Walters served in the Marines for four years, including more than one year as an infantry squad leader and range safety officer stationed in Hawaii. He graduated with a bachelor’s degree in sociology from the University of Texas Permian Basin, where he made the dean’s list.
“When I was in the Marine Corps, I wanted to get my undergraduate degree done — I didn’t really care what it was in,” he said. “Once I realized I didn’t want to stay in the Marine Corps anymore, I was looking at my options for what I could do. Shea Hanson with Boise State admissions reached out and presented an opportunity.”
So far, the online format is working out well for Walters, who resides in Round Rock, Texas, deep in the heart of his home state.
“I work remotely, so it really helps me where I can transition over to school,” he said. “I am pretty much a self-taught person. They give me the assignments and I go research a topic or read.

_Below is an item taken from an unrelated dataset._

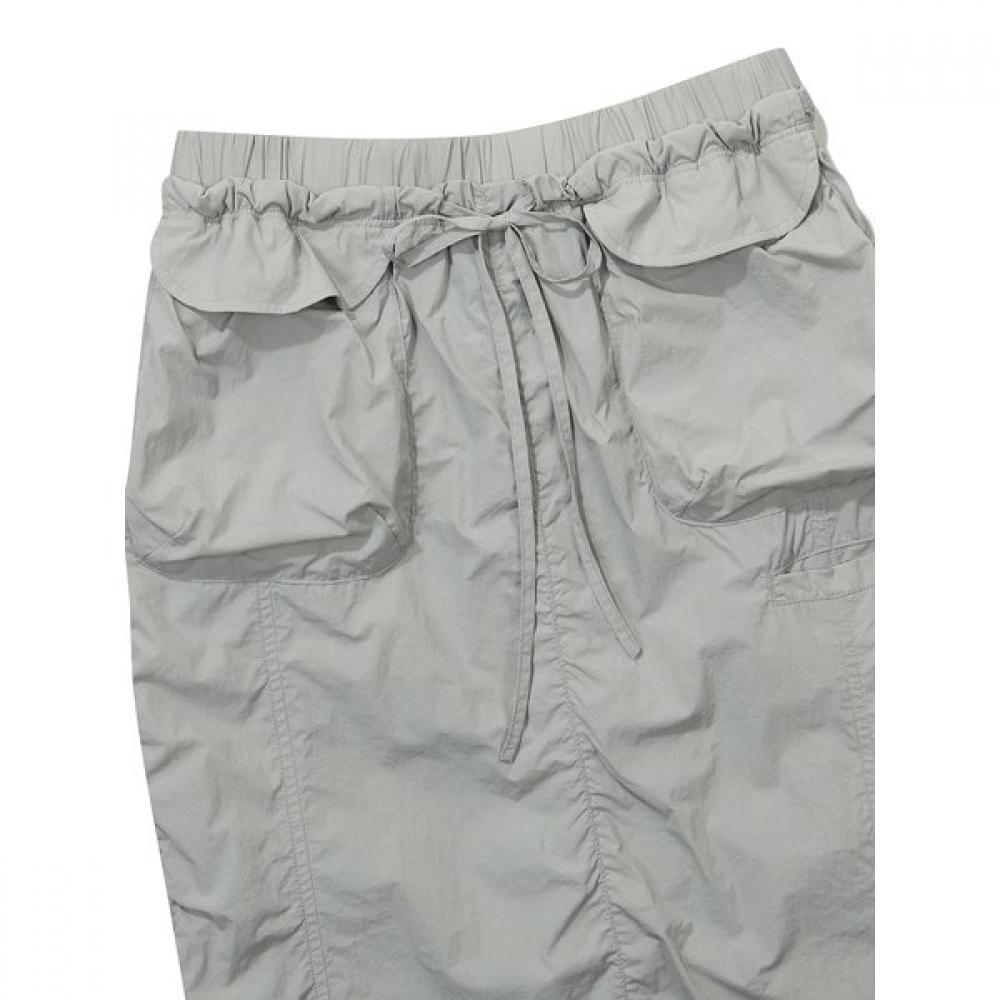 Women S Utility Shirring Skirt  Mint  [Seohyun Wearing] [24SS]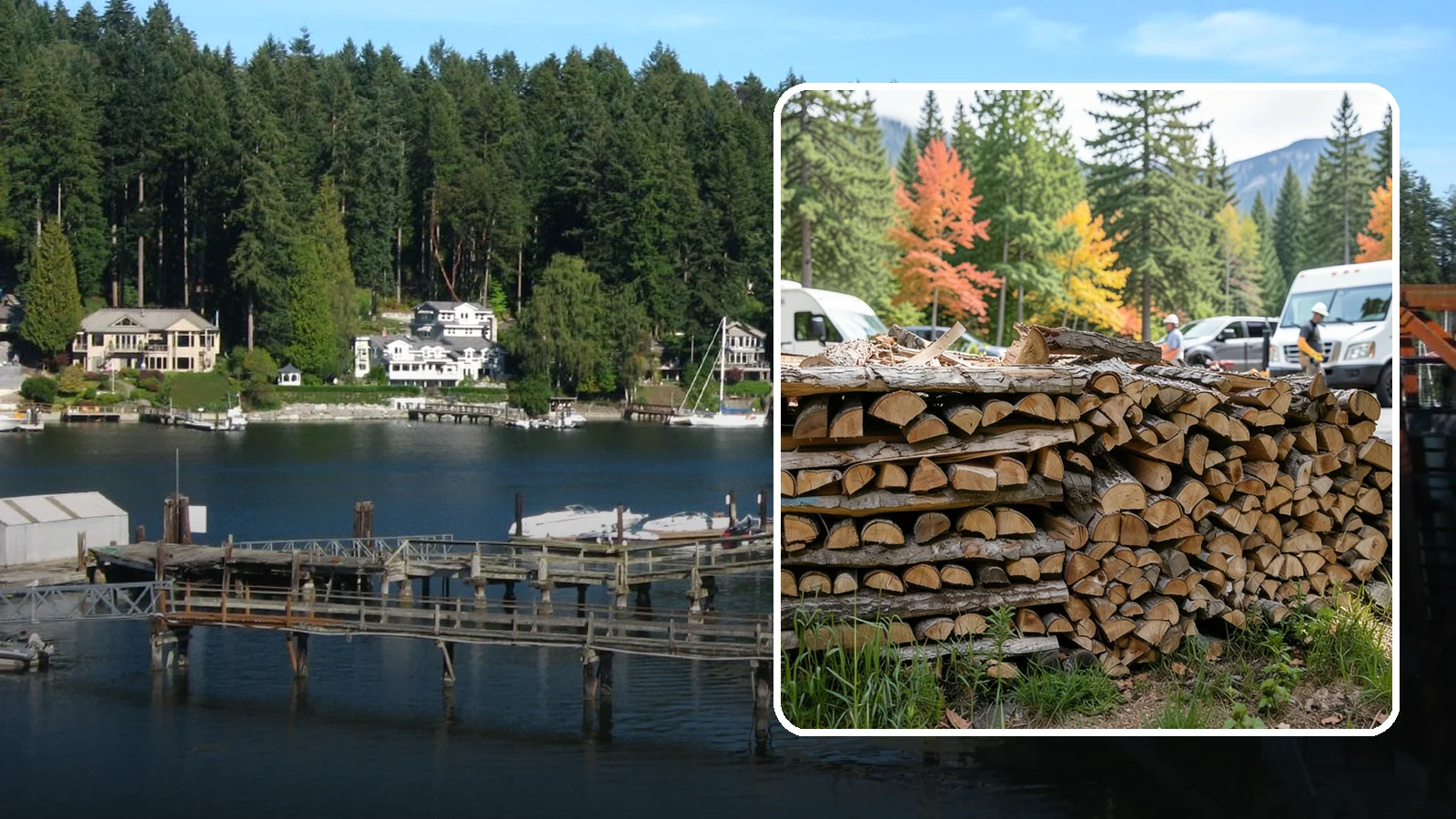 RV Campground Firewood in Gig Harbor, Pierce County, WA - Bulk and bundled firewood supply for RV parks and campgrounds throughout the region.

“The master’s program is great because it’s reading the book, watching videos and getting some hands-on experience. The curriculum transitions over to what I do at work, so it makes a lot of things make sense.”
Onto the Grid
Walters is from San Antonio and comes from a military family. He began his college career as a math major at the University of Texas at San Antonio. He enlisted in the Marines in 2018.
“I always wanted to go into the military,” he said. “I was going to go into the Air Force, where a lot of my family members served; that’s why we ended up in San Antonio. The Air Force wasn’t for me.
“It crossed my mind a few times when I was getting out of the military, but I was going to go into law enforcement or a couple of other options. I told myself that I’d give the master’s program one semester, and if I didn’t like it, I’d switch to something else. I have liked it ever since.”
Since joining Ferrellgas in September 2022, Walters has immersed himself in learning about his new career field while adding higher education at the same time.
Signal and Digital Intelligence is his favorite course, so far, in the Master of Science in Cyber Operations and Resilience curriculum.
“We did a project where we had to come up with a scenario for hacking an industry with unlimited resources and then find ways to correct those vulnerabilities with mitigation efforts, which was a lot of fun,” he said. “I chose electric vehicle charging stations. The courses in the program have been great and definitely applicable to my job.”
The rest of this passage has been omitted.